Problem |
Please report how many lines in the data below contain "from". Nothing besides the number should be written.

Data listing |

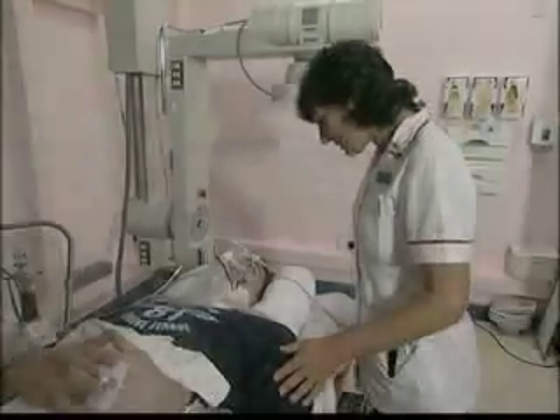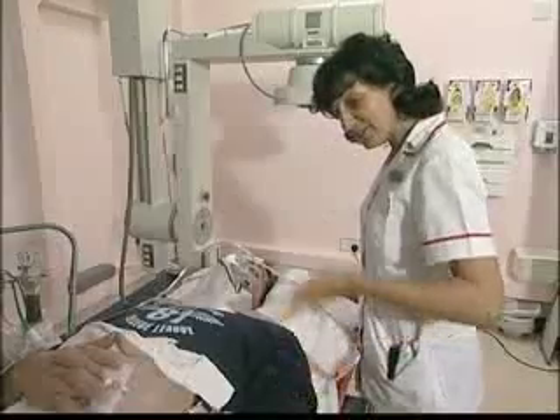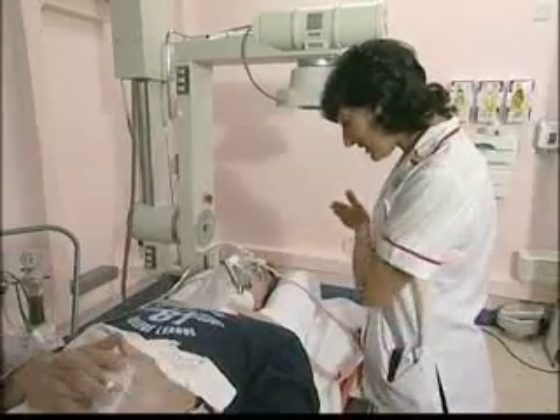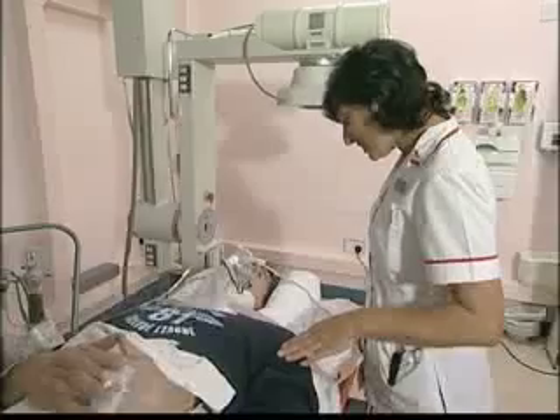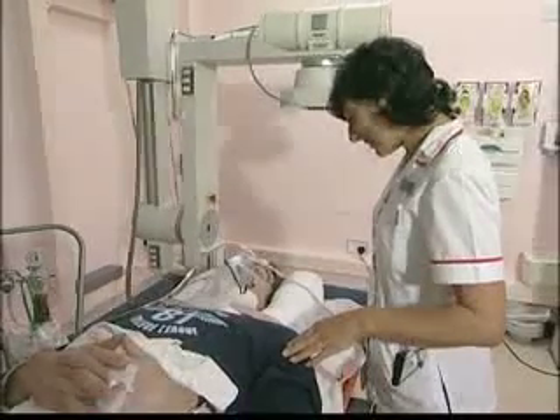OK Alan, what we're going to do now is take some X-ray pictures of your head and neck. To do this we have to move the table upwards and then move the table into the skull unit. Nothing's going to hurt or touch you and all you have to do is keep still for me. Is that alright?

...

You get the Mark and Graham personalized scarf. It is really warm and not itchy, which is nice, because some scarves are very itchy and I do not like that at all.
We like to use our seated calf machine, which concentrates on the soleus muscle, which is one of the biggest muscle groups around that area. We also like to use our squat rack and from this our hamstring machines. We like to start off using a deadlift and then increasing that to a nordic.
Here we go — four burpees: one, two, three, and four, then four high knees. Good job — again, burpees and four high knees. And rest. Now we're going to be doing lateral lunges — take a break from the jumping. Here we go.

--

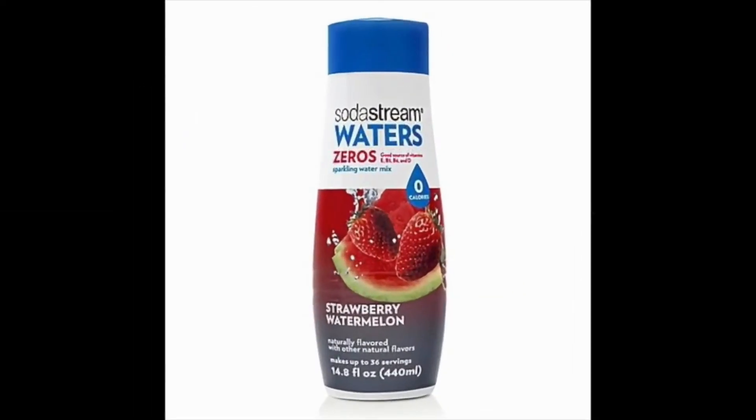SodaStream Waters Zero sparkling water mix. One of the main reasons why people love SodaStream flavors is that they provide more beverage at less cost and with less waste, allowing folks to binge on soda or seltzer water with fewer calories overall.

Answer box |
2